By MARCUS K. GARNER / www.ajc.com
Sunday, August 17, 2008
The City of Milton won’t depend on Fulton County’s 911 call center after September.
Officials of the North Fulton city inked a pact earlier this month that will shift emergency dispatching from the Fulton County Emergency Communication Center in Atlanta to the 911 center in Alpharetta.

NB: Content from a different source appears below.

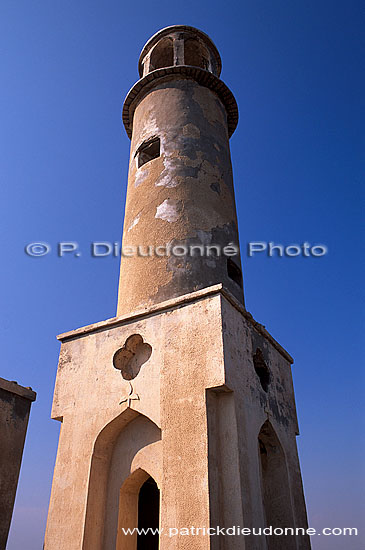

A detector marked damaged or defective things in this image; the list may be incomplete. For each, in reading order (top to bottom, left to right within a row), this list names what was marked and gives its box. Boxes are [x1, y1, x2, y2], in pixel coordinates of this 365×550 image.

peeling plaster patch [154, 199, 181, 223]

As Fulton’s emergency call center comes under scrutiny because of a recent botched call that ended with a Johns Creek woman’s death, Milton public safety director Chris Lagerbloom took heart in his city’s plans.“Some of the catastrophic failures we’ve seen further solidify that we’ve made the right choice,” Lagerbloom said Saturday.
Fulton officials did not respond to telephone or e-mail requests for comment.
Milton’s move, set for Oct. 1, didn’t result from the Aug. 2 emergency call in which Fulton 911 operator Gina Conteh took 25 minutes to dispatch help to a dying Darlene Dukes. Milton city leaders have been planning the change since December.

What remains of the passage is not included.